**Prompt:** Only one stretch of the data below is wanted: the lines starting at the one with "Hội CCB Tập" and ending at the one with "Used 2023 Kia", both included, given again exactly.

**Information provided:**
○ ○ ○ ○ ○ ○ ○

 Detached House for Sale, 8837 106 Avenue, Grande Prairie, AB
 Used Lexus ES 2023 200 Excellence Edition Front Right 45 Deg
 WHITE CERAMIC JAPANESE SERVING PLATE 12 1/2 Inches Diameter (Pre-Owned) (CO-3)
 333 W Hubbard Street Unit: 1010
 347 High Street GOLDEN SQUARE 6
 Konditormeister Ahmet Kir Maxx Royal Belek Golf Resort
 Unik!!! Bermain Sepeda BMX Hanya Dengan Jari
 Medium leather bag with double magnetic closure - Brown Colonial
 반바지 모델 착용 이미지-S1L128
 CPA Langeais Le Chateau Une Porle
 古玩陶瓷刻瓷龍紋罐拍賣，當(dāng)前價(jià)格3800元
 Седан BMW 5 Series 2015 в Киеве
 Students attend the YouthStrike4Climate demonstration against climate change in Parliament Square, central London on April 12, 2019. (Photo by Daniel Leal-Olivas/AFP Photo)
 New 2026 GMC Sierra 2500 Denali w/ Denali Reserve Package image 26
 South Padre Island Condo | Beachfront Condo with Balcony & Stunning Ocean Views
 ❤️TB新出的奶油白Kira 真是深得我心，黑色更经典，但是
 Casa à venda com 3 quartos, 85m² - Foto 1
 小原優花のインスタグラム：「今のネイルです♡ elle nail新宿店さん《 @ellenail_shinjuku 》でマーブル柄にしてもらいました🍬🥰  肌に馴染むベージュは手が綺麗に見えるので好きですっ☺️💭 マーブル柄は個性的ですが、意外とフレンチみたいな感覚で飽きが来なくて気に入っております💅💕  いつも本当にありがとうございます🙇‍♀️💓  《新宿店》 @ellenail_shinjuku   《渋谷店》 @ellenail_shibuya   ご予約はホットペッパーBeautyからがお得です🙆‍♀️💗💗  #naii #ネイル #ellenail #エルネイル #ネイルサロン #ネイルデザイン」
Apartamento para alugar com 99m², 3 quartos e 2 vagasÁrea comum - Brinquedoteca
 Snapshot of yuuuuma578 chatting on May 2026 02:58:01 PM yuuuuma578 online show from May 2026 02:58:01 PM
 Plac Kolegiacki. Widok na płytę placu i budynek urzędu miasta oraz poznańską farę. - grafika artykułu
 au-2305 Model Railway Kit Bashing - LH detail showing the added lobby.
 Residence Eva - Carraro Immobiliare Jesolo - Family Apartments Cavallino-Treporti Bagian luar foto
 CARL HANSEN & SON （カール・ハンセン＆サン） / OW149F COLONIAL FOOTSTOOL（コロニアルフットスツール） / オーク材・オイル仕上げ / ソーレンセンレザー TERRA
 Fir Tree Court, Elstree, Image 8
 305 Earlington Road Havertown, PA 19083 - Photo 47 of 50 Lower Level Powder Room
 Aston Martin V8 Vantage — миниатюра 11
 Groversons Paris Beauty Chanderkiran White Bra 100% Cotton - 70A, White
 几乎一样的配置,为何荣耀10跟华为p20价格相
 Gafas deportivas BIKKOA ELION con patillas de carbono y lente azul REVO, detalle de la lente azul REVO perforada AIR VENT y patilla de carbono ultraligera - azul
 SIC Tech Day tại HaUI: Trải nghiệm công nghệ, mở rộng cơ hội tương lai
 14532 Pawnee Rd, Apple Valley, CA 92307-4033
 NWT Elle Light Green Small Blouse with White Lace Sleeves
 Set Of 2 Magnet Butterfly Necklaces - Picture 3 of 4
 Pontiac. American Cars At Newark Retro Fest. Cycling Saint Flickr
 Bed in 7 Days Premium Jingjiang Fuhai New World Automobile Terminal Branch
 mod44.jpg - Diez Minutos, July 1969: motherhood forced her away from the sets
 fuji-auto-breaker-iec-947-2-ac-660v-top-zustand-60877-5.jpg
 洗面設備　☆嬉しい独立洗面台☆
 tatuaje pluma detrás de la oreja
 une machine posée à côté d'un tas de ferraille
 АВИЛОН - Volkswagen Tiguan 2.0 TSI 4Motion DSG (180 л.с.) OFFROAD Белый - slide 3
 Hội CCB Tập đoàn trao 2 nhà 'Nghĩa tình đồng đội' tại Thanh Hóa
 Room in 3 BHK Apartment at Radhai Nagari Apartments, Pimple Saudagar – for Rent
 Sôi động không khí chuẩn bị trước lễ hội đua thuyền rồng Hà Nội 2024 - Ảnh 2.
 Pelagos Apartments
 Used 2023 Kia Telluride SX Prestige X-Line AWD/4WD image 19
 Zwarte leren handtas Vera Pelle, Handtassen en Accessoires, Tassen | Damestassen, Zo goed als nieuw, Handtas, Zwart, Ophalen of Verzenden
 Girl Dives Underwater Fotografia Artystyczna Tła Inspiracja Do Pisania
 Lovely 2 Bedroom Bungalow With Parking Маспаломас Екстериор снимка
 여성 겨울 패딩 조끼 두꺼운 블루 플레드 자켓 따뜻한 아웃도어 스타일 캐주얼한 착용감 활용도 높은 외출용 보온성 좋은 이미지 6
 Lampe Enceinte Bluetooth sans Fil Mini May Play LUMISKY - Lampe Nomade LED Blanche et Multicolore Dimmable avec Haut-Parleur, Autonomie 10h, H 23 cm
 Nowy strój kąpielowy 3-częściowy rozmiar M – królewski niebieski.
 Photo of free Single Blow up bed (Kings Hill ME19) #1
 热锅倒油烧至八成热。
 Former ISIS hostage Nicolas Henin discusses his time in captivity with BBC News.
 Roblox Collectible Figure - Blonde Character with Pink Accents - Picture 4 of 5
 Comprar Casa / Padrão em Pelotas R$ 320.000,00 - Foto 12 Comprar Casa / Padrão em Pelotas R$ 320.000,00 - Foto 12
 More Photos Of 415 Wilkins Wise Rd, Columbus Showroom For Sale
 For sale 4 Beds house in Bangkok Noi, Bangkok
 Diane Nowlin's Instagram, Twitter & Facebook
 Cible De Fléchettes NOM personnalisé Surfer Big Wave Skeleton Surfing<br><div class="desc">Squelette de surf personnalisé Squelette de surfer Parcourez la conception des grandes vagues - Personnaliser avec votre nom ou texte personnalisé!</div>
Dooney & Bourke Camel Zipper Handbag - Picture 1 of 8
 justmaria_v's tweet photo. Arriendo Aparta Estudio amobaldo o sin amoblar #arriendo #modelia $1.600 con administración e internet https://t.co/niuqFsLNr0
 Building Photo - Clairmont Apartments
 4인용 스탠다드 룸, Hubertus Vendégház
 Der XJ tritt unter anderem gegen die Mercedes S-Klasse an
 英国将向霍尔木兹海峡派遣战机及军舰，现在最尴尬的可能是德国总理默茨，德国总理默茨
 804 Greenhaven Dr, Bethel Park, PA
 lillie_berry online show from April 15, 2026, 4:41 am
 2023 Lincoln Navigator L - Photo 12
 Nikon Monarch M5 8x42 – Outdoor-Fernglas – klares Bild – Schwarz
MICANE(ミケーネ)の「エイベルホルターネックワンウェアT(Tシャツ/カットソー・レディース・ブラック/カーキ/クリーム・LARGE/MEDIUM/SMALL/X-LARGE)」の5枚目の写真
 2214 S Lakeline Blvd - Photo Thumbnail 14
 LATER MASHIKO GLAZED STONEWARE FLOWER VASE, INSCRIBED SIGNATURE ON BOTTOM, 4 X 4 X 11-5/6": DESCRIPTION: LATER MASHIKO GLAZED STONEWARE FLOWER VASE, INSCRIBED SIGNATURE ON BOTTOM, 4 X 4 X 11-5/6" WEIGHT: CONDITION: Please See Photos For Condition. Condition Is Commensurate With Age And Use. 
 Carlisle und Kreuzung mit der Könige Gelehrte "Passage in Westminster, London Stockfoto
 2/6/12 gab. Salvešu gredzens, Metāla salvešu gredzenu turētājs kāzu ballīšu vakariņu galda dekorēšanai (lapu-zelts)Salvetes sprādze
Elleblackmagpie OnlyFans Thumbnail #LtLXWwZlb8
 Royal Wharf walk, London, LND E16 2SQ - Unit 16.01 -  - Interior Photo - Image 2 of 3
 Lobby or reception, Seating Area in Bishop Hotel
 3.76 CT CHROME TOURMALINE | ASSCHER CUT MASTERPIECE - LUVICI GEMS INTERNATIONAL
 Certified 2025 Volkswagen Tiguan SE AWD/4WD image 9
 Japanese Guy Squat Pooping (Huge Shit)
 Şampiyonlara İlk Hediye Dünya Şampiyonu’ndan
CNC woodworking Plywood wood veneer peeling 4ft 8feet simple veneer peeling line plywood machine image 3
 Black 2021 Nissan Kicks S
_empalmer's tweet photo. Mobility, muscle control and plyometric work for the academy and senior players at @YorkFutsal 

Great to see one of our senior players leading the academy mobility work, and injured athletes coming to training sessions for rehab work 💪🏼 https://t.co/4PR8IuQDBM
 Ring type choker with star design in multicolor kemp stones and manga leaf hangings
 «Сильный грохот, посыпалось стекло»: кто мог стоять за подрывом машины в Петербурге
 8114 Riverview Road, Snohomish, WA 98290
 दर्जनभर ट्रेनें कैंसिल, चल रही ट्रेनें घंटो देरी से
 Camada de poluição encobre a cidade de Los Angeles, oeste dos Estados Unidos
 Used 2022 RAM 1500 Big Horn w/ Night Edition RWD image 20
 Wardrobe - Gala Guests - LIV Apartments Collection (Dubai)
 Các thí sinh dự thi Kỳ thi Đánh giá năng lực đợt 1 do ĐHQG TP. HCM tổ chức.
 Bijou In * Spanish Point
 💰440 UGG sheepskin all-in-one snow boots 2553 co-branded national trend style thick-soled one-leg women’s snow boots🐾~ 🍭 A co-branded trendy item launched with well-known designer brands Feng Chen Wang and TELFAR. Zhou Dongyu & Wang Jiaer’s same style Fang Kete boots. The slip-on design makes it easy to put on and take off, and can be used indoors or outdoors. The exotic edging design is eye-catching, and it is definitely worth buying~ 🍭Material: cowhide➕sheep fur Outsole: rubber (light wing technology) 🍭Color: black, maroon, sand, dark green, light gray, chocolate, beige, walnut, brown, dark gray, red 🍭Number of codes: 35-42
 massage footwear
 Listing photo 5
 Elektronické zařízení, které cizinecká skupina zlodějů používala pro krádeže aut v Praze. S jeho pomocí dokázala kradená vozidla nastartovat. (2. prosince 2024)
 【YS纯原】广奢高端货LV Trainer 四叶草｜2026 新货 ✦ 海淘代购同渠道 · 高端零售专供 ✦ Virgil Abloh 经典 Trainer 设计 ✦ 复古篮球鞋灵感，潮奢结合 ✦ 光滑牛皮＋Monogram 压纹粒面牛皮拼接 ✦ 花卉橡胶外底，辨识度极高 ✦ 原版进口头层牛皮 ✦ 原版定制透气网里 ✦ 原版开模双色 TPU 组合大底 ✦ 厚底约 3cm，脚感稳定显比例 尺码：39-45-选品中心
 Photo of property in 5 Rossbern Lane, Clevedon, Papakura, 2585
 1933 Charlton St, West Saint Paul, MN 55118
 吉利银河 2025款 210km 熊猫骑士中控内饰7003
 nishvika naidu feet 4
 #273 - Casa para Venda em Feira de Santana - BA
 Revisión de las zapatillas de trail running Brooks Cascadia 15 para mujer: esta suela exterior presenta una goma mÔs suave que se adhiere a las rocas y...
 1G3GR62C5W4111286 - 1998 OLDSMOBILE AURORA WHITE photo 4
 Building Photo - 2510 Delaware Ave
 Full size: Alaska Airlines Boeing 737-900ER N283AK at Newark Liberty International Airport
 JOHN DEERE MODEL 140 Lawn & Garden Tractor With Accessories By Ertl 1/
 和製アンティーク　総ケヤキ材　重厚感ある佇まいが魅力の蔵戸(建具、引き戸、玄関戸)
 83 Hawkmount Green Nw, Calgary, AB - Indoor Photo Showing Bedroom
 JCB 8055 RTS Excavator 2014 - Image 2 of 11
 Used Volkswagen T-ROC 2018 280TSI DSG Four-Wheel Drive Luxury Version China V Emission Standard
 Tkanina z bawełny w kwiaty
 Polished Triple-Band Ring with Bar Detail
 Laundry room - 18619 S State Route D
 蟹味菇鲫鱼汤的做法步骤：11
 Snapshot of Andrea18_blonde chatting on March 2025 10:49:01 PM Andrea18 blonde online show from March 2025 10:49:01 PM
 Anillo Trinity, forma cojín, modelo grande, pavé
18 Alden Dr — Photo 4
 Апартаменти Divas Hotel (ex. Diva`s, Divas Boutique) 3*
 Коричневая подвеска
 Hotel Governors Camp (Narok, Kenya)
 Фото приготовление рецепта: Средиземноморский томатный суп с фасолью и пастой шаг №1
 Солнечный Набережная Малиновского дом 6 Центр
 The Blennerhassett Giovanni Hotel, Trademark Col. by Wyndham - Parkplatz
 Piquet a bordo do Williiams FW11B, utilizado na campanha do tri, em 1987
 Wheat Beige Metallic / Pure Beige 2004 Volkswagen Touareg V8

○ ○ ○ ○ ○ ○ ○

**Task response:**
 Hội CCB Tập đoàn trao 2 nhà 'Nghĩa tình đồng đội' tại Thanh Hóa
 Room in 3 BHK Apartment at Radhai Nagari Apartments, Pimple Saudagar – for Rent
 Sôi động không khí chuẩn bị trước lễ hội đua thuyền rồng Hà Nội 2024 - Ảnh 2.
 Pelagos Apartments
 Used 2023 Kia Telluride SX Prestige X-Line AWD/4WD image 19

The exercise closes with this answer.